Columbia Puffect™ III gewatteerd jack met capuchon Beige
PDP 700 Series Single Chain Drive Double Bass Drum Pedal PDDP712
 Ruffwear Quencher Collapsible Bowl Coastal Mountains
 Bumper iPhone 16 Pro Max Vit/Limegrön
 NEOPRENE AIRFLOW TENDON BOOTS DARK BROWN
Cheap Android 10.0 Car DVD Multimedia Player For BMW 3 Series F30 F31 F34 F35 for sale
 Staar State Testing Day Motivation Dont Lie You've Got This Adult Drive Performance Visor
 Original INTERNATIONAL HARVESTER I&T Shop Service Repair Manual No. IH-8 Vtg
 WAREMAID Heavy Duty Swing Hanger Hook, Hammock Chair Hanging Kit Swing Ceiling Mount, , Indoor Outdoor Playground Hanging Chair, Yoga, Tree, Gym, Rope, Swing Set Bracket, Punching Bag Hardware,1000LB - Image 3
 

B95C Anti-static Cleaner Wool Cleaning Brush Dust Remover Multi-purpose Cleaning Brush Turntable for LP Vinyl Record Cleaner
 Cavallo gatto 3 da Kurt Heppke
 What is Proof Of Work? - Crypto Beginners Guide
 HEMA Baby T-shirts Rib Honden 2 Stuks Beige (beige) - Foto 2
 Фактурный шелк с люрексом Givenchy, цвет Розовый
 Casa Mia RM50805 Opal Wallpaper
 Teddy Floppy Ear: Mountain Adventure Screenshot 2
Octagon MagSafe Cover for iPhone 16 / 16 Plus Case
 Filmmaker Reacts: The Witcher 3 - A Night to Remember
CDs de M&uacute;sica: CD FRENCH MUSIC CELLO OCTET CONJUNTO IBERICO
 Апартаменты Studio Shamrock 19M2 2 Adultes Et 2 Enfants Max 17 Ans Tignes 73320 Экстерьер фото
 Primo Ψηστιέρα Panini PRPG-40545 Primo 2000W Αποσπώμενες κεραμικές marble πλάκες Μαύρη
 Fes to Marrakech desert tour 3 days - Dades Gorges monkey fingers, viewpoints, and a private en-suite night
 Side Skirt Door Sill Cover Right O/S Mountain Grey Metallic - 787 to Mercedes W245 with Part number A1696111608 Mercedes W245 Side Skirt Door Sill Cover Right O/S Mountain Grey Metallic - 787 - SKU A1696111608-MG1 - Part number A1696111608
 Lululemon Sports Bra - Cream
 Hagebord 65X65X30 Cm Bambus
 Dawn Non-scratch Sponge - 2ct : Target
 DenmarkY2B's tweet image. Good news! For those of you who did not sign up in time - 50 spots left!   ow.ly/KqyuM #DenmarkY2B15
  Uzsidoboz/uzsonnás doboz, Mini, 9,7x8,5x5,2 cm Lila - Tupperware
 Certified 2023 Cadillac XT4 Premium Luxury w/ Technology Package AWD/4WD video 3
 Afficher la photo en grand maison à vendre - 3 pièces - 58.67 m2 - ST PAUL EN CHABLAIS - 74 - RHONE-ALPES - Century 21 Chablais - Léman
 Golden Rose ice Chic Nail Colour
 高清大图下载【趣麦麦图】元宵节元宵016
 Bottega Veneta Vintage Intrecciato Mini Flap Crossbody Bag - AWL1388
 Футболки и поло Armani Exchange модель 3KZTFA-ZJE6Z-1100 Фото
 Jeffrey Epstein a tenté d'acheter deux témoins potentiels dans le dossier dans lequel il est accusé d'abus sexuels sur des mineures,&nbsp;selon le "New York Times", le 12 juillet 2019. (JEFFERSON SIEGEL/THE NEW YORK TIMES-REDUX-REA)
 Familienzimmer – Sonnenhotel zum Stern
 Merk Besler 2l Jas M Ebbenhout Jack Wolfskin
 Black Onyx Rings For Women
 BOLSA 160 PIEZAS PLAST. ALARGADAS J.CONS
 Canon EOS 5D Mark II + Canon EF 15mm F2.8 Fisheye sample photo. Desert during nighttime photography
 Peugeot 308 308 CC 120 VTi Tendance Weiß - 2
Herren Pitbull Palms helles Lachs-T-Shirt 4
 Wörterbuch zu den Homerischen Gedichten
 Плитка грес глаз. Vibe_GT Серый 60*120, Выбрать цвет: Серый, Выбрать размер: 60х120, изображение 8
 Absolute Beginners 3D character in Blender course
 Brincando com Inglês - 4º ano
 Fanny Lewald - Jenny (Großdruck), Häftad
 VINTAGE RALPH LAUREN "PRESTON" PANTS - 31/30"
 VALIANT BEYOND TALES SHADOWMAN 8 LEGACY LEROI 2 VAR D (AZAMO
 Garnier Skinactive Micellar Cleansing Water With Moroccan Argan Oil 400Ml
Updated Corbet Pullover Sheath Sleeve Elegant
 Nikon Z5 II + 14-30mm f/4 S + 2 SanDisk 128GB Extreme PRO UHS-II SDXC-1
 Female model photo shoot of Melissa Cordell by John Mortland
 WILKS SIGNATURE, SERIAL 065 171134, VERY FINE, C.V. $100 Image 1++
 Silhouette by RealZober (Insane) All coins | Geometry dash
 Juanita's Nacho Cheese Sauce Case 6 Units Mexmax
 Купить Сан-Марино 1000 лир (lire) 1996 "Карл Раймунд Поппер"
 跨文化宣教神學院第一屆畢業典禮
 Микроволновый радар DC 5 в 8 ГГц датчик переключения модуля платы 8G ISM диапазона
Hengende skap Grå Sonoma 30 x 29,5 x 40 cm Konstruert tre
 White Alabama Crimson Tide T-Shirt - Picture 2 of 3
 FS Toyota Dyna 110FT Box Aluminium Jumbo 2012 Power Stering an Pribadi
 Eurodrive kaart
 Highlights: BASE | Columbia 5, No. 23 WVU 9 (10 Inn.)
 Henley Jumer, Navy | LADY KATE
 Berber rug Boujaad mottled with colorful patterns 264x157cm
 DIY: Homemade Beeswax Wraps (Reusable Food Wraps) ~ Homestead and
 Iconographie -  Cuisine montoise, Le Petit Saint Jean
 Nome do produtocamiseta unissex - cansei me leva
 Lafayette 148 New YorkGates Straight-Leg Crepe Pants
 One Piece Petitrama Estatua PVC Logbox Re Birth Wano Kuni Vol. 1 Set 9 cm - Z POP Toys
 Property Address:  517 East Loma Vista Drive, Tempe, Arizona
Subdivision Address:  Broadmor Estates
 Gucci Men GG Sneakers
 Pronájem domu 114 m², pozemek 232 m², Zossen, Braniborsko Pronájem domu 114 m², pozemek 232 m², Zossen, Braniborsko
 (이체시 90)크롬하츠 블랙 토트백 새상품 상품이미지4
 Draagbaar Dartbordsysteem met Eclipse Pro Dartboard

◇ ◇ ◇

Could you copy exactly the lines from the first line of the records above through the line containing "CDs de M&uacute;sica: CD", both included, and nothing else?

- **OUTPUT BELOW**:
Columbia Puffect™ III gewatteerd jack met capuchon Beige
PDP 700 Series Single Chain Drive Double Bass Drum Pedal PDDP712
 Ruffwear Quencher Collapsible Bowl Coastal Mountains
 Bumper iPhone 16 Pro Max Vit/Limegrön
 NEOPRENE AIRFLOW TENDON BOOTS DARK BROWN
Cheap Android 10.0 Car DVD Multimedia Player For BMW 3 Series F30 F31 F34 F35 for sale
 Staar State Testing Day Motivation Dont Lie You've Got This Adult Drive Performance Visor
 Original INTERNATIONAL HARVESTER I&T Shop Service Repair Manual No. IH-8 Vtg
 WAREMAID Heavy Duty Swing Hanger Hook, Hammock Chair Hanging Kit Swing Ceiling Mount, , Indoor Outdoor Playground Hanging Chair, Yoga, Tree, Gym, Rope, Swing Set Bracket, Punching Bag Hardware,1000LB - Image 3
 

B95C Anti-static Cleaner Wool Cleaning Brush Dust Remover Multi-purpose Cleaning Brush Turntable for LP Vinyl Record Cleaner
 Cavallo gatto 3 da Kurt Heppke
 What is Proof Of Work? - Crypto Beginners Guide
 HEMA Baby T-shirts Rib Honden 2 Stuks Beige (beige) - Foto 2
 Фактурный шелк с люрексом Givenchy, цвет Розовый
 Casa Mia RM50805 Opal Wallpaper
 Teddy Floppy Ear: Mountain Adventure Screenshot 2
Octagon MagSafe Cover for iPhone 16 / 16 Plus Case
 Filmmaker Reacts: The Witcher 3 - A Night to Remember
CDs de M&uacute;sica: CD FRENCH MUSIC CELLO OCTET CONJUNTO IBERICO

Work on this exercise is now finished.